たとえば、ジェニファーは三番目の子供を産んだばかりですが、初めて赤ちゃんを抱いた時、その子供が誰か、すぐにわかりました。エネルギーと目の表情、そして親近感からです。「またあなたなのね」と彼女は言いました。「また、一緒になったわね」。その赤ちゃんは過去世でジェニファーの祖母でした。二人はその過去世でずっと、激しく争っていましたが、それでもお互いに愛していました。でも、その愛は表現されないままでした。今こそ、修復するチャンスであることを、彼女は悟ったのです。
もちろん、あらゆる種類の愛があります。ロマンティックな愛。子供の親に対する愛と親の子供に対する愛。自然への愛。音楽、詩、そして地上と天上のすべてのものへの愛。愛は向こう側でも続き、魂によってこちらに持ち帰られます。愛はあらゆる神秘への答えなのです。私にとって、それは究極の宗教です。もし、私たちがみな、自分のやり方で愛することができ、もし、「私の道が正しいもので、その他の道はどれも偽物です」と宣言する儀式を捨てることができれば、もし、私たちが特定の神の名において、人々に加える暴力や争いや苦痛を永久に捨てることができれば、天国に達するために、私たちは数え切れないほどの転生をくり返す必要はないでしょう。神はその定義において普遍であり、神は愛なのです。
クリスティーナは、とてもアメリカ人の女性には真似のできないファッションで装っていました。フラメンコを連想させる床まで届くスカートに派手な赤、青、紫、黄色の柄のブラウス。豊かな黒髪はきつく後ろに引っつめて、不思議な色のリボンで留められていました。初めて彼女が私に会いに来た時、私は彼女の派手さ加減にびっくりしましたが、彼女の来訪が度重なるにつれ、派手な色彩は彼女の暗い気分と、それにも増して暗い考え方を補うものであることに、気がつきました。彼女は自分の輝きを取り戻すために戦っている女性でした。家族がそれを潰そうとしていたのです。
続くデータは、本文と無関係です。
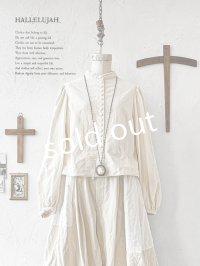 HALLELUJAH／5, Victorian Chemise ヴィクトリア時代ブラウス・off-white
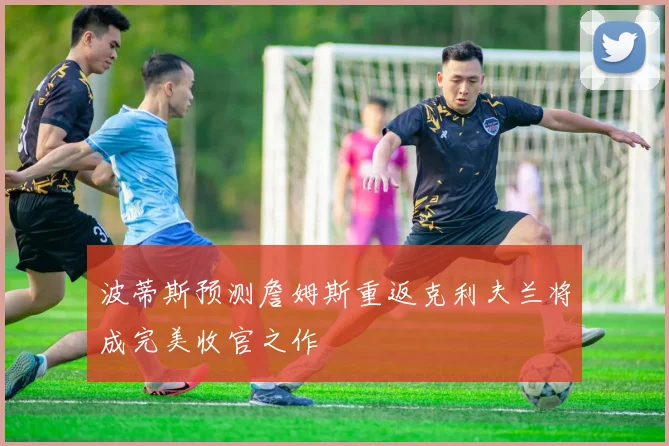 波蒂斯预测詹姆斯重返克利夫兰将成完美收官之作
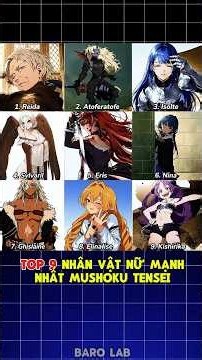 9 nhân vật nữ mạnh nhất Mushoku Tensei tới thời điểm hiện tại? #anime #mushokutensei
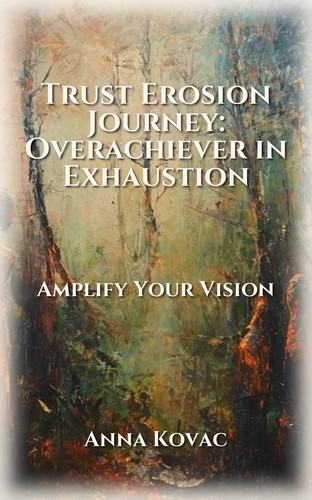 Trust Erosion Journey: Overachiever in Exhaustion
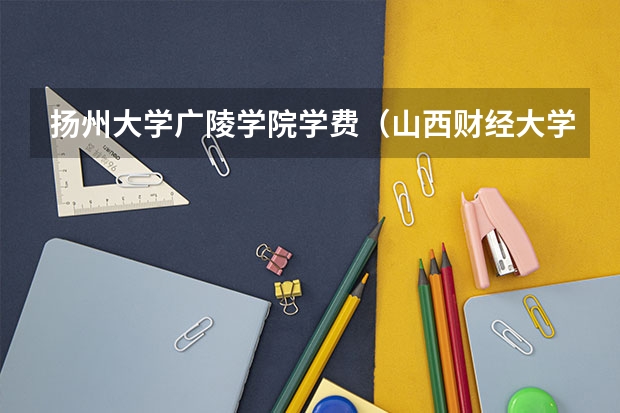 扬州大学广陵学院学费（山西财经大学排名？ 山西财经大学排名属于几本？）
彼女の目の下には黒いくまがあり、手は少し震えていました。疲労のせいだろう、と私は思いました。彼女には喘息があり、ストレスがあるとそれは呼吸に表れました。しかし、私の助けを求める決心を彼女にさせたのは、心理的な問題でした。
豊満でもほっそりとした彼女は、セクシーな中にも強さを秘め、曖昧な印象をにじませていました。そして最初から、私とほとんど敵対するようにまっすぐ向かい合うかと思えば、貴族的な育ちであることを示すラテン的な慎み深さで目をそらし、それをくり返していました。私は彼女を二十代後半かと思ったのですが、それより十歳も上であることがわかりました。彼女は左手のくすり指に指輪をはめていました。それは大きなルビーで、彼女の服装のけばけばしさとよくマッチしていました。これは単なる飾りなのか、それとも既婚であることを宣言しているのか、どちらなのだろう、と私は思いました。
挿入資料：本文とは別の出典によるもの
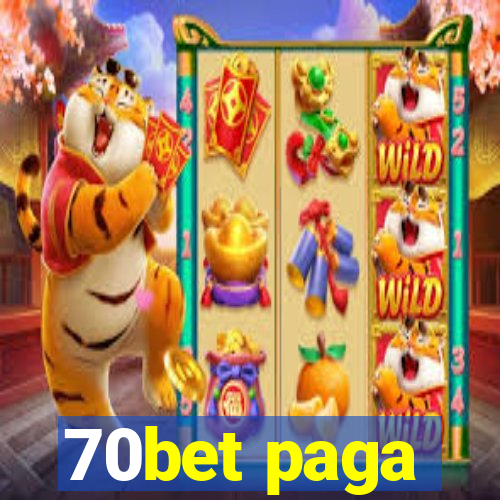 70bet paga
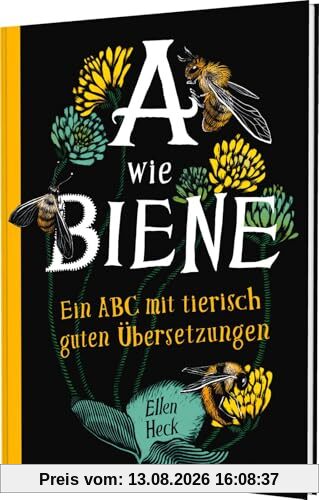 A wie Biene: Ein ABC mit tierisch guten Übersetzungen | Ein Alphabet-Bilderbuch mit knalligen Bildern und interessanten Übersetzungen aus verschiedenen Sprachen für Kinder ab 5 Jahren.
「離婚しました」。私の視線に気がついて、彼女は言いました。「子供は二人います。これをはめているのは、きれいだし、男たちを寄せつけないためです」
彼女の英語は優雅で完璧でしたが、それでもほんの少し、なまりが感じ取れました。
「あなたはマイアミの方ではありませんね」と私は言いました。質問ではなく断定でした。
「サンパウロ、ブラジル出身です」
「ああ。で、いつここへ?」
「三年前です。離婚後、父のところに来ました」
「お父さんと一緒に住んでいるのですか?」
「いいえ。父は母と一緒にバルハーバーに住んでいます。私は二、三マイル離れたところです」
「お子さんと一緒に?」
「ええ、娘たちと。ロザーナは七歳で、レジーナは五歳です。二人ともとてもかわいいですよ」
「そうすると、あなたがお父さんのところに来たと言ったのは──」
「父と仕事をするためです。彼のビジネスを一緒にするためです」
「それはどんな?」
「あらまあ、御存じありませんか? 離婚したあと、私は実家の姓に戻りました。先生はおわかりかと思っていました」
何と私はうっかりしていたのでしょうか! すぐに推察すべきでした。彼女の父親は高級婦人服専門の会社の会長でした。この二年間、その会社は若い人向けの価格の安いスポーツウェア業界に進出していました。妻のキャロルがあとで話してくれたところによると、昔は、ティーンエイジャーだったら誰もがこれを着る、というほどの人気だったそうです。